Minardi worked as a bond trader for Cantor Fitzgerald on the 105th floor of the north tower of the World Trade Center. On September 11, it was the first building hit, the second to collapse.
"Friendships mean so much to me," says Pitino, who knew Minardi for more than 30 years. "Good cigars, good times, good company. The older I get, the more I realize that it's my friendships that matter most of all, way more than any win or loss."

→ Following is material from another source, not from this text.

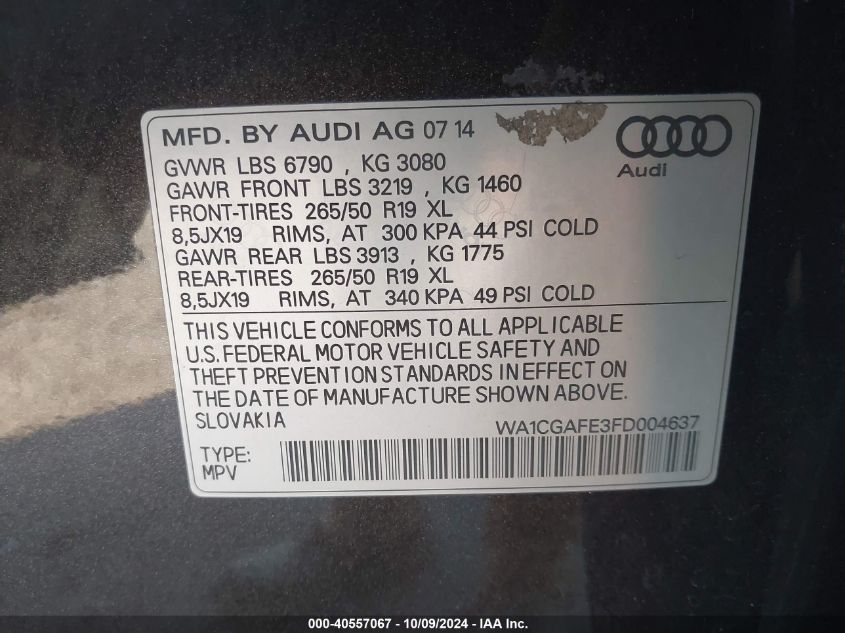 2015 Audi Q7 3.0T Premium VIN: WA1CGAFE3FD004637 Lot: 40557067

Minardi's death devastated Pitino. So long as Minardi was around, through good and bad, a cigar meant a chance for contemplation and a chance to tackle the future. Over the last six months, through the loneliest fall and winter of his life, Pitino continues to enjoy cigars. Only now he finds himself smoking alone, his mind drifting into the past, feeling the weight of loss. In the basement of his new home in Louisville, near the pit where Pitino likes to smoke, panels of photos cover the walls, the lion's share featuring Minardi. Looking out on a gray day in Louisville, Pitino concedes: "It's torture when you're by yourself."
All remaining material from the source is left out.